DATA SEGMENT Block Start

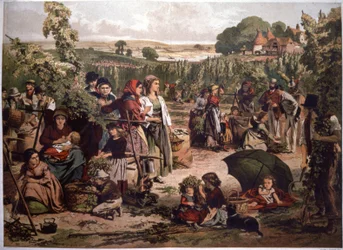 Raccolta del luppolo in Inghilterra, fine XIX secolo (illustrazione)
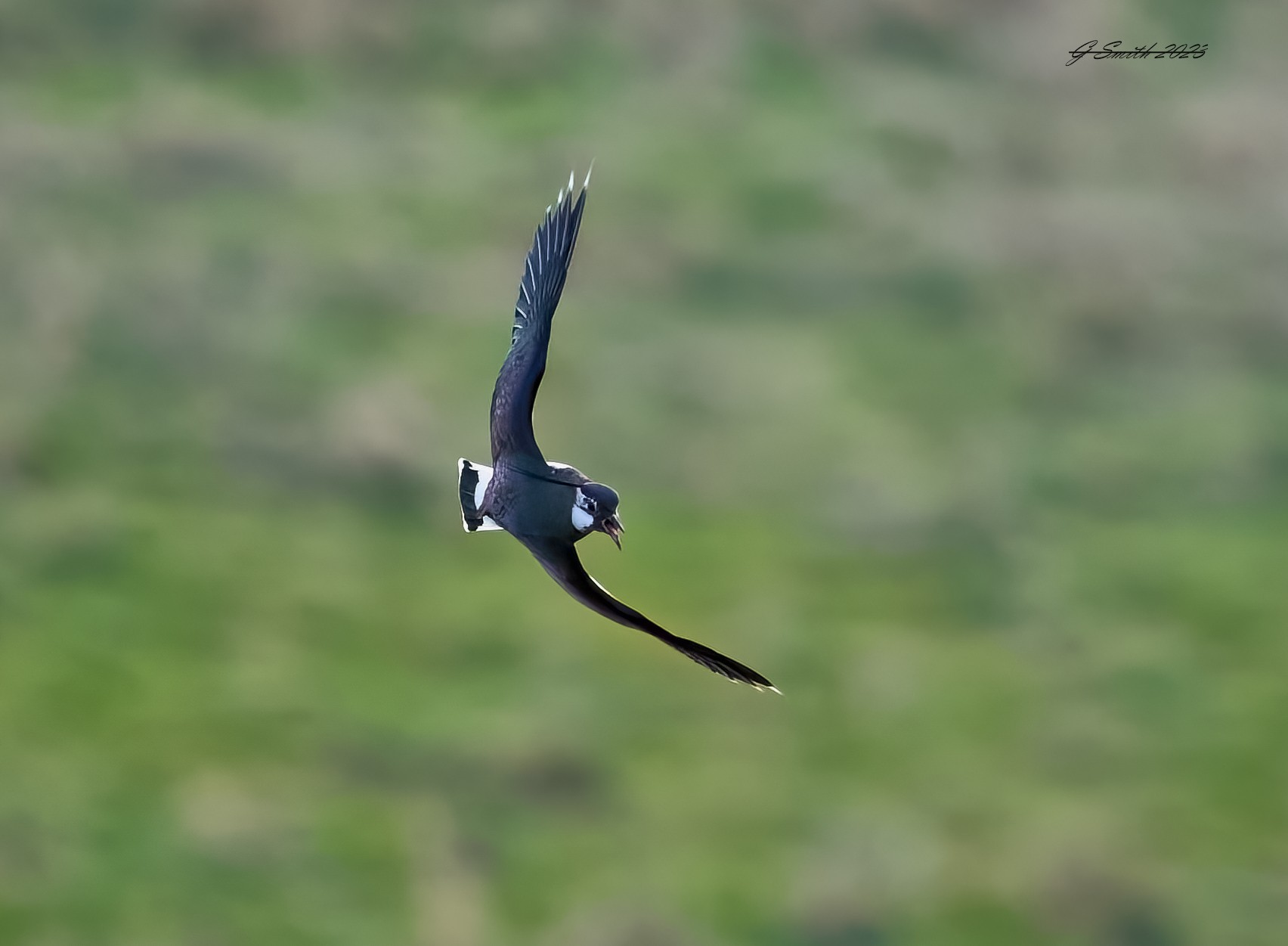 lapwing 2023 2.jpg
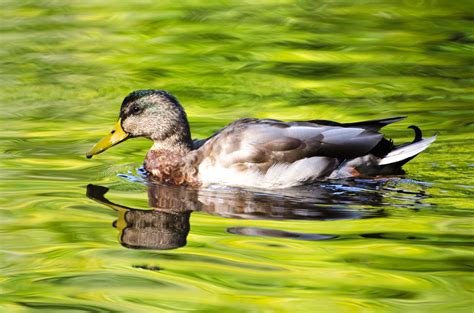 Duck Free Stock Photo - Public Domain Pictures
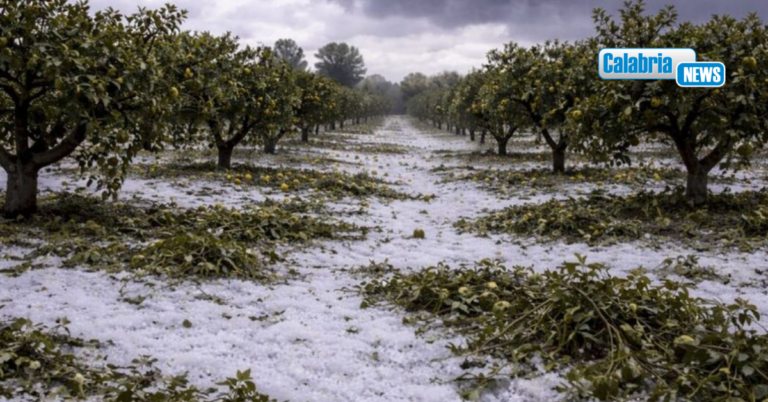 Maltempo 1 aprile: Regione chiede riconoscimento stato calamità comparto agricolo Alto Ionio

DATA SEGMENT Block End

◆ YOUR OBJECTIVE ◆
Every line above goes into the copy unchanged; the pictures do not.

◆ EXERCISE SOLUTION ◆
 Raccolta del luppolo in Inghilterra, fine XIX secolo (illustrazione)
 lapwing 2023 2.jpg
 Duck Free Stock Photo - Public Domain Pictures
 Maltempo 1 aprile: Regione chiede riconoscimento stato calamità comparto agricolo Alto Ionio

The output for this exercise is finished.